On Tue, Aug 11, 2009 at 12:17 AM, fft1976 <fft1...@gmail.com> wrote:

> I don't know JVM too well, but I think no efficient user-level
> solution is possible. Why? To take care of substructure sharing, you
> need to remember a set of shareable values that have already been
> serialized, and do "reference equality" comparisons when new new
> substructures are serialized.
>
> This comparison and a set implementation can easily be done with
> pointers (because you have "<"), but there are no pointers in the JVM,
> and no "reference inequality", so you must use linear seeks, making
> the time complexity of serialization quadratic, where in C/C++ it
> could be O(N log N)


Reference equality is available in the JVM (instructions if_acmpeq and
if_acmpne), in Java (operators == and !=), and in Clojure (predicate
identical?). Furthermore, though < on pointers isn't, so a tree-map of
already serialized structures to themselves also isn't, Java provides
System.identityHashCode() and IdentityHashMap. These use a hash that
respects reference equality. So one in fact can implement one's own
serialization that is O(n) using O(1) hashmap lookups (and using reflection,
and not working if SecurityManager won't let you setAccessible private
fields and the like, so not in an unsigned applet).

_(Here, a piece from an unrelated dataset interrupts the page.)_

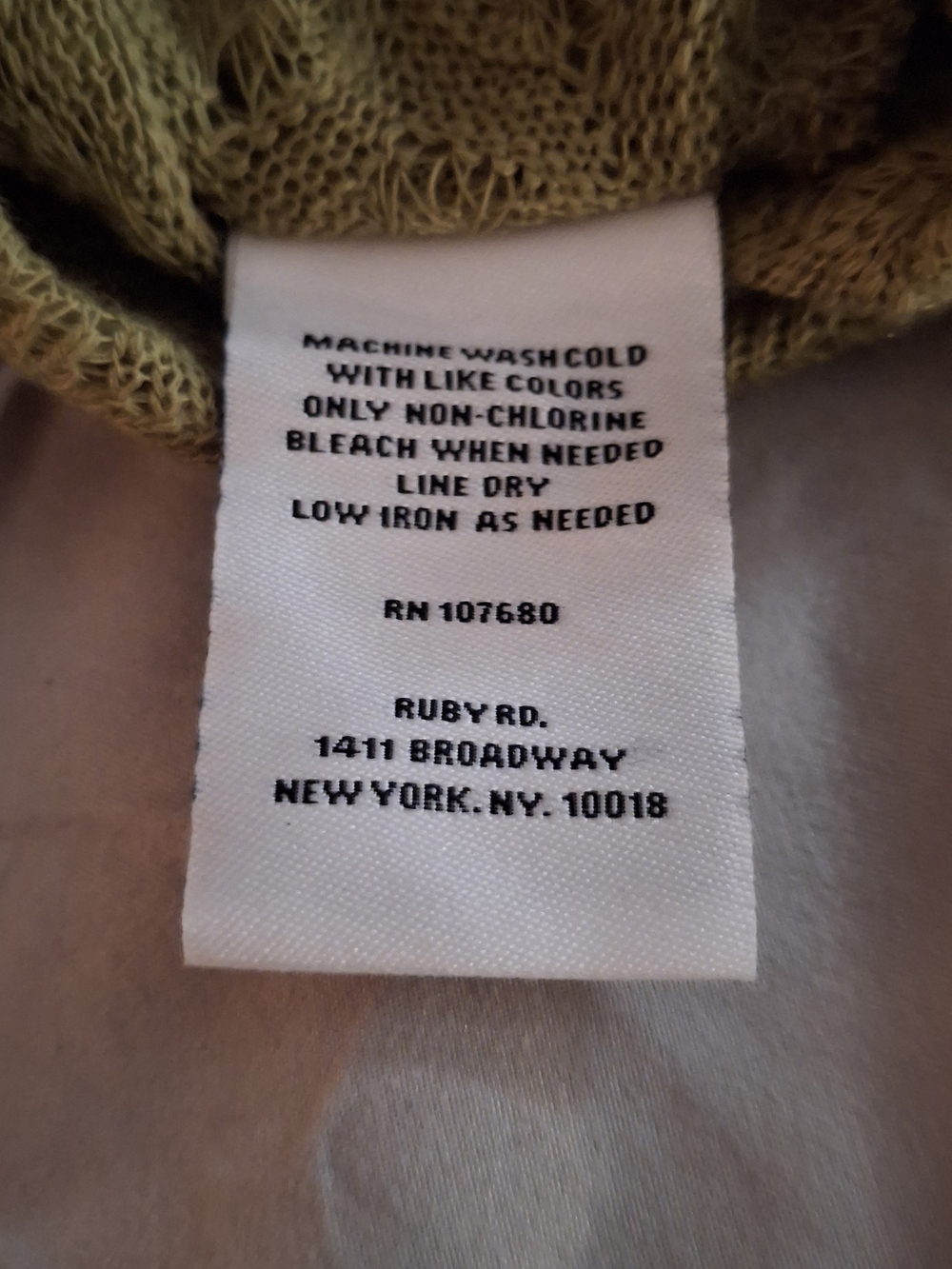 Ruby Rd. Lightweight Olive Crochet Open-Front Cardigan - Picture 6 of 6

(Another use for reference equality is to see if Double.valueOf() is
caching, something that arose as an issue in another thread. On my system,
Sun JVM 1.6.0_13 -server and Clojure 1.0.0, it apparently is not:

user=> (identical? 2.0 2.0)
false

If this comes out to true then it's caching. Integer.valueOf() is caching on
my system, but only for small integers:

user=> (identical? 1 1)
true
user=> (identical? 5 5)
true
user=> (identical? 50 50)
true
user=> (identical? 500 500)
false
user=> (identical? 255 255)
false
user=> (identical? 127 127)
true
user=> (identical? 128 128)
false

The threshold seems to be at values that will fit in one byte.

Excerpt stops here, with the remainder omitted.